WHAT YOU NEED TO DO — Each line from the one that contains "PowerPoint Khoa học tự nhiên 7 CTST Bài 2" to the last line of the records below must be restated word for word.

Web page caption snippets:
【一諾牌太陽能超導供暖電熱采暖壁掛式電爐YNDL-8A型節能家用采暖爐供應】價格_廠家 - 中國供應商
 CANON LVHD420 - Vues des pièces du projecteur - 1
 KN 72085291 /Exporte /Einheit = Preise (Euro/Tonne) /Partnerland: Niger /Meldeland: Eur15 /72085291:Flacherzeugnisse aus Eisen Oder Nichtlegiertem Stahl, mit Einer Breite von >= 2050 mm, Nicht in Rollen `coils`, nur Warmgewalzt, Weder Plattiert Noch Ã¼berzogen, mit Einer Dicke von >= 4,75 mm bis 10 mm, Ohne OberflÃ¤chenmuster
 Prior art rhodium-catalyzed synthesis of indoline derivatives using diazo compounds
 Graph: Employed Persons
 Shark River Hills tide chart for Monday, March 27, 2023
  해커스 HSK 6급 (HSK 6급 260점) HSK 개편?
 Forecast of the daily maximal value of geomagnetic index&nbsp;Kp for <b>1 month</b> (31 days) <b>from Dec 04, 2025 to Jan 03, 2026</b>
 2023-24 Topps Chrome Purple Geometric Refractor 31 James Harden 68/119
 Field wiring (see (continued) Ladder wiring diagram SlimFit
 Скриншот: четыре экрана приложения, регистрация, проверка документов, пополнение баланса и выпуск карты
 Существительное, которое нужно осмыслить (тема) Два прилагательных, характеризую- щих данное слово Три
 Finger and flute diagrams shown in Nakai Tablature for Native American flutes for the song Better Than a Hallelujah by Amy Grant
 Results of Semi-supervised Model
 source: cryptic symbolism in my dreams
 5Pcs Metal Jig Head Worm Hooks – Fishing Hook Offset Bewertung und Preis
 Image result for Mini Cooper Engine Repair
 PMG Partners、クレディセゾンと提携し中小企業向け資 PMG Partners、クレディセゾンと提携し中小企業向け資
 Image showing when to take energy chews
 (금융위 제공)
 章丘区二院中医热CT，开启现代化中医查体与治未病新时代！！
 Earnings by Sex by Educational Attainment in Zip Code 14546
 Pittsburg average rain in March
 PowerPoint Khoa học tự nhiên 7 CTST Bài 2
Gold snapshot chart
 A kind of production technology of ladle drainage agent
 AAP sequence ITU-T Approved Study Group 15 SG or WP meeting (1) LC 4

ANSWER TO THIS TASK —
 PowerPoint Khoa học tự nhiên 7 CTST Bài 2
Gold snapshot chart
 A kind of production technology of ladle drainage agent
 AAP sequence ITU-T Approved Study Group 15 SG or WP meeting (1) LC 4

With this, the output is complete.